Magnetic Resonance Imaging (MRI) provides visual confirmation by showing the characteristic bilateral and symmetrical brain lesions. These lesions are typically hyperintense on T2-weighted images and are found in the basal ganglia, brainstem, and sometimes the thalamus. Genetic testing provides the definitive diagnosis by identifying the causative mutation in either nuclear or mitochondrial DNA. Comprehensive genetic sequencing is the preferred method to confirm the diagnosis and determine the specific subtype of the syndrome.

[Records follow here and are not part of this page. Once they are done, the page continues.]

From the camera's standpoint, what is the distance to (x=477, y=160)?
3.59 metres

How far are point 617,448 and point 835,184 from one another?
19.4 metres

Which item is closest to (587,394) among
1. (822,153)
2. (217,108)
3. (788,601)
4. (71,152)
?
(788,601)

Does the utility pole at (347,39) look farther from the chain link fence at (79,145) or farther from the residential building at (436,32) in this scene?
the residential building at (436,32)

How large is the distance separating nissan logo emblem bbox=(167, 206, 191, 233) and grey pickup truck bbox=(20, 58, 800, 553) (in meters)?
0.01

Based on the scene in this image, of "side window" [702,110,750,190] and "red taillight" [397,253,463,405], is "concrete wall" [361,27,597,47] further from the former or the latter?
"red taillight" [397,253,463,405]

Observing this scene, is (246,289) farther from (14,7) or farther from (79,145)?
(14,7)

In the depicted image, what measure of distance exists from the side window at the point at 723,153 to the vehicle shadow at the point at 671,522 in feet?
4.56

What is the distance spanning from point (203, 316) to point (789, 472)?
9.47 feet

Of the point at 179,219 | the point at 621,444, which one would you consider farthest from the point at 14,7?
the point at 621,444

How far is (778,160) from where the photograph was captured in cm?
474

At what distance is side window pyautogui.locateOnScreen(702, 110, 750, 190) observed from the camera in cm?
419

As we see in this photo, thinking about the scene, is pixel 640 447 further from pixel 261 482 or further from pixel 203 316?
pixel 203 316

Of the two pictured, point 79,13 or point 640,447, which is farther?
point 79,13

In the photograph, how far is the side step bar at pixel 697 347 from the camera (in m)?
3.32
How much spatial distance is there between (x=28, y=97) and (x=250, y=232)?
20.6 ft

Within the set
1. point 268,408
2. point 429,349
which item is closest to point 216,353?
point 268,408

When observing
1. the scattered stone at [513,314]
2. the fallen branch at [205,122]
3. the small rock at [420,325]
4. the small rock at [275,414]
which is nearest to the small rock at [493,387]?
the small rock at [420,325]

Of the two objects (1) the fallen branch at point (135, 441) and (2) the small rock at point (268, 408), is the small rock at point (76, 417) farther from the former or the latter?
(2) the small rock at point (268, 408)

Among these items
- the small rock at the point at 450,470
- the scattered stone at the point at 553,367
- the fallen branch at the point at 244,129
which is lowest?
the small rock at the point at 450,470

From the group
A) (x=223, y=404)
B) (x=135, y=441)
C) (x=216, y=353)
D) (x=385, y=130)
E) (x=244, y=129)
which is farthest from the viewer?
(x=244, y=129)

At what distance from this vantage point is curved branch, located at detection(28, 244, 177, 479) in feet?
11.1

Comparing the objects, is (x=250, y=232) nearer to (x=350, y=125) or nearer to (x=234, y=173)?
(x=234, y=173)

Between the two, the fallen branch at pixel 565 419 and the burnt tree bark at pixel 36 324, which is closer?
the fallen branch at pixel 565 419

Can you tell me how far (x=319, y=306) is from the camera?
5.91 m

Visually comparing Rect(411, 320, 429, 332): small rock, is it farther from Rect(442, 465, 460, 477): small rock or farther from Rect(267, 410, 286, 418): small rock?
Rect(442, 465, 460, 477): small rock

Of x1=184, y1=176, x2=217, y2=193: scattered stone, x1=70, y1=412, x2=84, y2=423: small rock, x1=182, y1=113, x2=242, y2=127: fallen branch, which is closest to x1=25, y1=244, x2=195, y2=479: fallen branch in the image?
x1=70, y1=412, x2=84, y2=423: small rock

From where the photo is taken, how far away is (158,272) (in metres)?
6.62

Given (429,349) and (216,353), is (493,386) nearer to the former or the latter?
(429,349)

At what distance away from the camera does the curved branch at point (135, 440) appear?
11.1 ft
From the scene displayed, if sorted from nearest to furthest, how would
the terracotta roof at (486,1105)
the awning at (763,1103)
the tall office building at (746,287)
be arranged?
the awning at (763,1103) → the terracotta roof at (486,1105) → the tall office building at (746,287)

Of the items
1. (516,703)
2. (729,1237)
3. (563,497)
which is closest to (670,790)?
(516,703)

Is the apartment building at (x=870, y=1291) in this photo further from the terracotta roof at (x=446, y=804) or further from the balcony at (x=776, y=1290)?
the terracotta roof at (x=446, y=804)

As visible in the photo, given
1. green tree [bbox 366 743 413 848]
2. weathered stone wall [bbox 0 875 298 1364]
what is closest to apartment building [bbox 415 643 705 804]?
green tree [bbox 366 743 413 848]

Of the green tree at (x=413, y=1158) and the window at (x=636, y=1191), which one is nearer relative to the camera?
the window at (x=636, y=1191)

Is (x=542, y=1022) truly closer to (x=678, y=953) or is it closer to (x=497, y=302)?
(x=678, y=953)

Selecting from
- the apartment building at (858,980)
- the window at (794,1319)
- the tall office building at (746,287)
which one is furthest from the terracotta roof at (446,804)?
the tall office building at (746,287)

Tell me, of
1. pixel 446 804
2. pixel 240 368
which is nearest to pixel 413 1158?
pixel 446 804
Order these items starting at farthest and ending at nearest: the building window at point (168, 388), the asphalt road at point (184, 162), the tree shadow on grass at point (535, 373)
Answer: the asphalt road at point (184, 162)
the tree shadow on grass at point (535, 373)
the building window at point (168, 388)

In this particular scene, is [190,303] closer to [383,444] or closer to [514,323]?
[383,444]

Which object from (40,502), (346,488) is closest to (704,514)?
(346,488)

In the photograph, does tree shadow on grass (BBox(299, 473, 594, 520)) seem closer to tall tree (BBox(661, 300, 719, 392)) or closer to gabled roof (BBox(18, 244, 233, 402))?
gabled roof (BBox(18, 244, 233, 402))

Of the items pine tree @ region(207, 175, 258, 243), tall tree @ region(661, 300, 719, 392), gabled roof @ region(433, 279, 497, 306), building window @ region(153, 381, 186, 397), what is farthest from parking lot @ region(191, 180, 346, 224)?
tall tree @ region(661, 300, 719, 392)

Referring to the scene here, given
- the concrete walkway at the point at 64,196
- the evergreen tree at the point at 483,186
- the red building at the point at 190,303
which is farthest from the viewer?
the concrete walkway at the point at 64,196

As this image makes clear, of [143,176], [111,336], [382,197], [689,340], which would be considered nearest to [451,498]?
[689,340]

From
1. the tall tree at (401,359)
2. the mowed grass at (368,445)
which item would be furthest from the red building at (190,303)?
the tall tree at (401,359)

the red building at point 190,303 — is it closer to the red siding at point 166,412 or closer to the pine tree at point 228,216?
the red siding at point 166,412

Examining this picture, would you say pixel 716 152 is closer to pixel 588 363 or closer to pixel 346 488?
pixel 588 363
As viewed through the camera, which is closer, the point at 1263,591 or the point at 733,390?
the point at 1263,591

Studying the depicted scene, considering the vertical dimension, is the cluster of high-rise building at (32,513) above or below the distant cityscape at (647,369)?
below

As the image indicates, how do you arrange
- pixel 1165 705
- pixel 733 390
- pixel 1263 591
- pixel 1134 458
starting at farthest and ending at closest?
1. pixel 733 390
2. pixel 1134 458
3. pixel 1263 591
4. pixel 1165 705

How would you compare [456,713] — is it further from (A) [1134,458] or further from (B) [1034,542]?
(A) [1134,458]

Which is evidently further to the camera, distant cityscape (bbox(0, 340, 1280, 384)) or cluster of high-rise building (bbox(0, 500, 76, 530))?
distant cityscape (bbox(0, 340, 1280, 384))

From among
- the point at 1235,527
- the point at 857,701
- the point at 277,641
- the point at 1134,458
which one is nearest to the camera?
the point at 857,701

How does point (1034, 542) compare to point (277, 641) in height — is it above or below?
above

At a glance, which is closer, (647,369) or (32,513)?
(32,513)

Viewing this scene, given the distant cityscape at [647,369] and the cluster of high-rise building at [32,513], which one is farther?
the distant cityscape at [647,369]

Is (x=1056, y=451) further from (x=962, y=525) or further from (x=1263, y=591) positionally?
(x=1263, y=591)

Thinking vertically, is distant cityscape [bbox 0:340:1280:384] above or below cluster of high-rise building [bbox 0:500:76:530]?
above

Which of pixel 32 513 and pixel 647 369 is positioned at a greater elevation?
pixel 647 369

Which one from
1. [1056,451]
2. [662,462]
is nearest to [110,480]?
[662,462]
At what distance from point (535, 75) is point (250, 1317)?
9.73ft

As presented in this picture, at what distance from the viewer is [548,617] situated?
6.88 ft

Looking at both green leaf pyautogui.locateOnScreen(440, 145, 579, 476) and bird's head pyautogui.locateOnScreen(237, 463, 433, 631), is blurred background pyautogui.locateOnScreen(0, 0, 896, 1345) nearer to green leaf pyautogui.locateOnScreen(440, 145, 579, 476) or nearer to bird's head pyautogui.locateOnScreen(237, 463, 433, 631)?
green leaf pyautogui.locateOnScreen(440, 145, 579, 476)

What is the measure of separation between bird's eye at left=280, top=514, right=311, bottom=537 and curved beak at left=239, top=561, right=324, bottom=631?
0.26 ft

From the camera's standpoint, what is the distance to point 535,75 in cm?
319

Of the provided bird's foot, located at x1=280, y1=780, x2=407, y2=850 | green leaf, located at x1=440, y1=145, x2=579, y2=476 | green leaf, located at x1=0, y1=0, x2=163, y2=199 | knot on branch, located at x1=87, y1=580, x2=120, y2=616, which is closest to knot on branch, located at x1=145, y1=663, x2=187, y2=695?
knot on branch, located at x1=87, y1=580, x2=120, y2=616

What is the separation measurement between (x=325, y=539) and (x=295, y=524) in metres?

There is currently no curative treatment for Leigh Syndrome, so management focuses on supportive care, symptom relief, and preventing metabolic crises. Treatment involves a multidisciplinary approach, including physical therapy, occupational therapy, and nutritional support. Nutritional support sometimes requires a feeding tube to ensure adequate caloric intake. For patients with Pyruvate Dehydrogenase Complex deficiency, dietary modifications such as a high-fat, low-carbohydrate ketogenic diet may be recommended.
Specific vitamins and cofactors are often administered, such as high-dose thiamine (Vitamin B1) or coenzyme Q10, especially when a patient has a known defect that may respond to these supplements. Medications like sodium bicarbonate or sodium citrate can be used to treat acute episodes of lactic acidosis by buffering the acid in the blood. While these supportive strategies help manage symptoms and improve the quality of life, the prognosis remains poor for the early-onset form, with many children having a shortened lifespan due to respiratory failure.